Meterse en la cama de nuevo, leer un rato, y poner música relajante para meditar.

Tratando de poner la mente en blanco aparece una pregunta a uno mismo, ¿Qué te gustaria realmente ahora mismo? Apareció inmediatamente una respuesta:

  • “La verdad es que estoy en la gloria, pero si pudiera elegir algo más, me transportaría a algún entorno natural, una pradera de hierba verde, donde no haga ni frío ni calor, y el cielo sea azul y luminoso. Donde se oigan algunos pájaros, y alto, para que las vistas permitan apreciar tierras lejanas más allá”.
  • “Esa misma pradera la podes encontrar en el parque, y también ahí encontras sonidos de naturaleza…” replico la parte guasona que a veces también habla ahí dentro.
  • “Sí, ya…” respondo, “pero es que siento que lo que necesito es disfrutar este día de forma aislada…”

La verdad es que llevo unos días rodeado de personas, tanto que siento que mis ideas no acaban de formarse, que de alguna manera mi forma de entender el mundo está siendo contaminada por las formas de entender el mundo de otras personas.

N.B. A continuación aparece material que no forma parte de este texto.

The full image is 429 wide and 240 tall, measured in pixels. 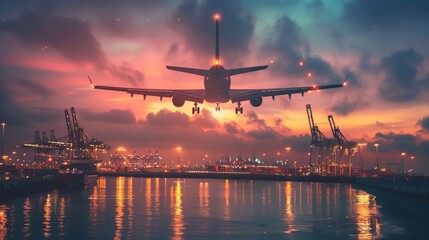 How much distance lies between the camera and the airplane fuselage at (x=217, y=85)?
8238 centimetres

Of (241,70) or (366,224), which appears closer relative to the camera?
(366,224)

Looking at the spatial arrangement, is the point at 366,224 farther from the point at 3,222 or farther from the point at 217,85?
the point at 3,222

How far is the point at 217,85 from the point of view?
82.8 m

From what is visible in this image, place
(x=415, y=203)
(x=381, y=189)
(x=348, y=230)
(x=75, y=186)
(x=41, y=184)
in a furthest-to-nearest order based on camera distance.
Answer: (x=75, y=186) < (x=41, y=184) < (x=381, y=189) < (x=415, y=203) < (x=348, y=230)

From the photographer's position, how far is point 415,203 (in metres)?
78.1

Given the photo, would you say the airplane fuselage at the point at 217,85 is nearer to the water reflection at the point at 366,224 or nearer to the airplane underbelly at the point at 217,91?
the airplane underbelly at the point at 217,91

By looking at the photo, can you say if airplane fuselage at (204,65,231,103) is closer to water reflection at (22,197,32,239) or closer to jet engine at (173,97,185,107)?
jet engine at (173,97,185,107)

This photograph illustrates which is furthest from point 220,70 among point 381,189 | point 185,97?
point 381,189

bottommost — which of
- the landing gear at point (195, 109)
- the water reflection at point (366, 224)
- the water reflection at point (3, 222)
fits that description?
the water reflection at point (366, 224)

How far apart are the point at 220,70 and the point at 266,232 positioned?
122ft

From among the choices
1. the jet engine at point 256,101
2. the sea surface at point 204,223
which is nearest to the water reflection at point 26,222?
the sea surface at point 204,223

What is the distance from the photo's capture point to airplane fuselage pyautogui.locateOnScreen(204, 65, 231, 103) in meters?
82.4

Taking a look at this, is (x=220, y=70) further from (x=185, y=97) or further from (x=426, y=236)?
(x=426, y=236)

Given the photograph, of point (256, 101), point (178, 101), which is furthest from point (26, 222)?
point (256, 101) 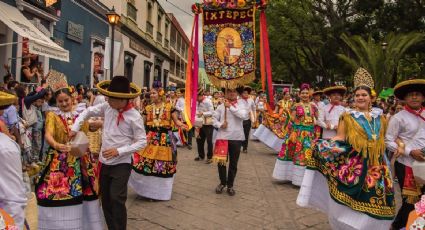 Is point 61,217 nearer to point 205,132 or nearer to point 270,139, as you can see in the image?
point 205,132

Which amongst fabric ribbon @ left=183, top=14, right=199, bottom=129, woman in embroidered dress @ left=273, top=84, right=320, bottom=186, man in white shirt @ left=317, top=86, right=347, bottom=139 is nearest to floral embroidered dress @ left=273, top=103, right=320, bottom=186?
woman in embroidered dress @ left=273, top=84, right=320, bottom=186

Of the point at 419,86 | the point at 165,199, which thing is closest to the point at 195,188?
the point at 165,199

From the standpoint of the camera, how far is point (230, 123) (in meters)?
7.43

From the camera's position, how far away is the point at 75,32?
51.6 feet

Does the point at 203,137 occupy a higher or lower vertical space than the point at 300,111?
lower

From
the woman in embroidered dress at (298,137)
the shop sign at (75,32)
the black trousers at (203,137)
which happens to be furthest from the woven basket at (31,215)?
the shop sign at (75,32)

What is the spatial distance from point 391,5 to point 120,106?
24076 millimetres

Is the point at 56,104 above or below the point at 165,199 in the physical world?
above

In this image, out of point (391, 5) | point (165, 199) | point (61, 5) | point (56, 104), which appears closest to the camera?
point (56, 104)

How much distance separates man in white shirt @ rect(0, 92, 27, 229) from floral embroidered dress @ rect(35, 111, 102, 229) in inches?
Answer: 76.1

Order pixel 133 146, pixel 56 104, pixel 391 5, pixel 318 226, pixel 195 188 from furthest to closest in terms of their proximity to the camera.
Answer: pixel 391 5
pixel 195 188
pixel 318 226
pixel 56 104
pixel 133 146

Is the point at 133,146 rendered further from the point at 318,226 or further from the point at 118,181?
the point at 318,226

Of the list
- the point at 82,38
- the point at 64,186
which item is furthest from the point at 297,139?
the point at 82,38

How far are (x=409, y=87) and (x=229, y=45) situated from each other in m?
3.43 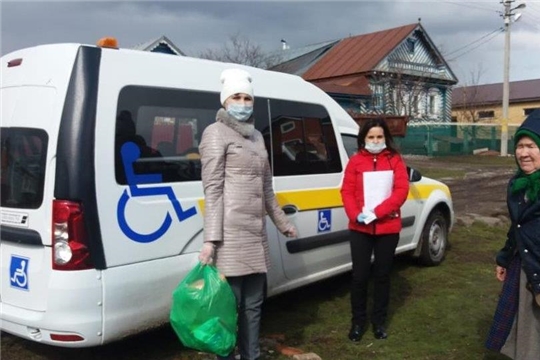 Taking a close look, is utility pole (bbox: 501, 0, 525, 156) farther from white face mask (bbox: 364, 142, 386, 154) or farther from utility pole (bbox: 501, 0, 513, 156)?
white face mask (bbox: 364, 142, 386, 154)

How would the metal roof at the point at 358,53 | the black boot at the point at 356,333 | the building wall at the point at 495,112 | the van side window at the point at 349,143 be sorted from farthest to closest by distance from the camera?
the building wall at the point at 495,112 < the metal roof at the point at 358,53 < the van side window at the point at 349,143 < the black boot at the point at 356,333

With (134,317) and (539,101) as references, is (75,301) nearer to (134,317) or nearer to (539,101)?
(134,317)

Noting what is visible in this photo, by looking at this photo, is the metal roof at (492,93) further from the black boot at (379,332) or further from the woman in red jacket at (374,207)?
the black boot at (379,332)

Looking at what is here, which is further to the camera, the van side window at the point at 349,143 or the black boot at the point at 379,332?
the van side window at the point at 349,143

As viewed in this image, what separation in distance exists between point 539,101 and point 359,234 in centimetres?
5220

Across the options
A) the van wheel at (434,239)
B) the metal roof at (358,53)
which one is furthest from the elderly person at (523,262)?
the metal roof at (358,53)

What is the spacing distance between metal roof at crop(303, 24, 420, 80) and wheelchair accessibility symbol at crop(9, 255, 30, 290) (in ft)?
104

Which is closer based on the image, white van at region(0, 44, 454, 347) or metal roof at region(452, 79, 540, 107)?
white van at region(0, 44, 454, 347)

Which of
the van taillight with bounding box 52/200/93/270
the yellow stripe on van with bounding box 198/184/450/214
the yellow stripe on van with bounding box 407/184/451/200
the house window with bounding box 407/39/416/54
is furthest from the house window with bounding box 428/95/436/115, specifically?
the van taillight with bounding box 52/200/93/270

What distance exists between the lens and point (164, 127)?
12.1 ft

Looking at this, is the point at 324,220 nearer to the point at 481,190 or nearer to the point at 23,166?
the point at 23,166

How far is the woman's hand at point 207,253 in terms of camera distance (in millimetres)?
3199

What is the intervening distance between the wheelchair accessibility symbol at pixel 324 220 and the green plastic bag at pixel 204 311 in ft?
5.64

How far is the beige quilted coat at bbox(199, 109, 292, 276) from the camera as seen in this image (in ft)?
10.6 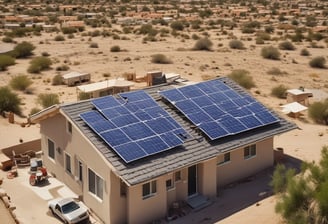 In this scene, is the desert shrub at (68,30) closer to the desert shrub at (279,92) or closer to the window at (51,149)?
the desert shrub at (279,92)

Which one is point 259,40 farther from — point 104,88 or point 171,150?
point 171,150

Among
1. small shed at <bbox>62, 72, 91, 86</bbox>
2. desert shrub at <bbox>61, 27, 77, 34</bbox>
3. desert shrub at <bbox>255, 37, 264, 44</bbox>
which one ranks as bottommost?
small shed at <bbox>62, 72, 91, 86</bbox>

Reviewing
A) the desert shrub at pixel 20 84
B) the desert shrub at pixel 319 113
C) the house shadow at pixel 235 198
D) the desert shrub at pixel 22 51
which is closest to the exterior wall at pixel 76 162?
the house shadow at pixel 235 198

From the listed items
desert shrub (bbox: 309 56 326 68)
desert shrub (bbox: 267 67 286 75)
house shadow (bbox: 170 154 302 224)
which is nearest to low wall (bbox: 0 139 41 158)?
house shadow (bbox: 170 154 302 224)

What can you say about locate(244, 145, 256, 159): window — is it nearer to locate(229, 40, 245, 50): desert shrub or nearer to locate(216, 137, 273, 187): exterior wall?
locate(216, 137, 273, 187): exterior wall

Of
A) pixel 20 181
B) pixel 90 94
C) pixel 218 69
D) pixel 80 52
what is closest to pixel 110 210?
pixel 20 181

Para sentirme pleno y poder participar tranquilamente en este mundo, necesito aclarar mi postura frente a éste.

Decido pausar la música relajante que tenía de fondo, algo a lo que suelo recurrir cuando medito, selecciono el modo avión del teléfono móvil, y una vez tomada la decisión, continúo con mi viaje personal a la soledad elegida.

Hoy la soledad no va a ser triste, hace ya mucho que no lo es, y va a tomar toda su forma y desarrollarse en medio de la gran ciudad. Habrá sonidos de pájaros, como el de las palomas que visitan mi balcón, o el de las golondrinas y gorriones que sobrevuelan la plaza.

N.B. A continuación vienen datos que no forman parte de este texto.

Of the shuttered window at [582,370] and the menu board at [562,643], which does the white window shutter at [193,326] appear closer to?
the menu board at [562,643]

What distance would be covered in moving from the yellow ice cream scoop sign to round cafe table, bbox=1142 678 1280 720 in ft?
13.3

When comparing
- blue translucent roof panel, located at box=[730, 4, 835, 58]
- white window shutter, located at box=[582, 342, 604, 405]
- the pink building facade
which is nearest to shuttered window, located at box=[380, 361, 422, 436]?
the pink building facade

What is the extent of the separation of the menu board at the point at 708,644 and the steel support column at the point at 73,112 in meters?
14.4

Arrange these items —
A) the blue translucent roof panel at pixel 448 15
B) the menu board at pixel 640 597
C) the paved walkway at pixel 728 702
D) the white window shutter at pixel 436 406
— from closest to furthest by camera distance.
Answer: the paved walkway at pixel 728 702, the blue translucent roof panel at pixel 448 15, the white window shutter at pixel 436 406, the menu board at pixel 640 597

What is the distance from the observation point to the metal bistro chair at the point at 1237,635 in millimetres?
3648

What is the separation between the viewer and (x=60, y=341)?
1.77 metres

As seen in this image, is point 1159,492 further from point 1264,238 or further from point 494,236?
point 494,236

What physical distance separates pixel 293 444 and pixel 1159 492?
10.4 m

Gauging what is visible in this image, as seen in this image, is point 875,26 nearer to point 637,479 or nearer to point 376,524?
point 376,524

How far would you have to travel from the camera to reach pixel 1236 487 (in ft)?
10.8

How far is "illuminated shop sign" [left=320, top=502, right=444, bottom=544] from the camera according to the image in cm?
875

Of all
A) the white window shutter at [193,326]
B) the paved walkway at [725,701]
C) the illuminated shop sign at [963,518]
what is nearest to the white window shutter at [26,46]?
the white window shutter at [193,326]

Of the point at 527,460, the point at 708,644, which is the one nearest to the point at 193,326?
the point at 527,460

También se escucharán algún que otro avión o helicóptero, y muchos sonidos mundanos de ahí abajo, personas que pasean y charlan, pero nada nuevo va a aparecer en la pantalla del teléfono móvil.

Va a ser un agradable ayuno social, desde bien por la mañana, sin hablar con nadie.

Porque igual que cuando el cuerpo físico, valga la redundancia, pasa por una mala racha y se siente enfermo, lo más saludable que puedes hacer es no tomar alimentos, cuando es la mente la que está atribulada por alguna circunstancia, conocida o no, la mejor opción es darle  un tiempo de ausencia de sociedad. Soledad elegida.

Y luego ya, si eso, lo contas al universo, por si alguien se anima a probar… Pero días después.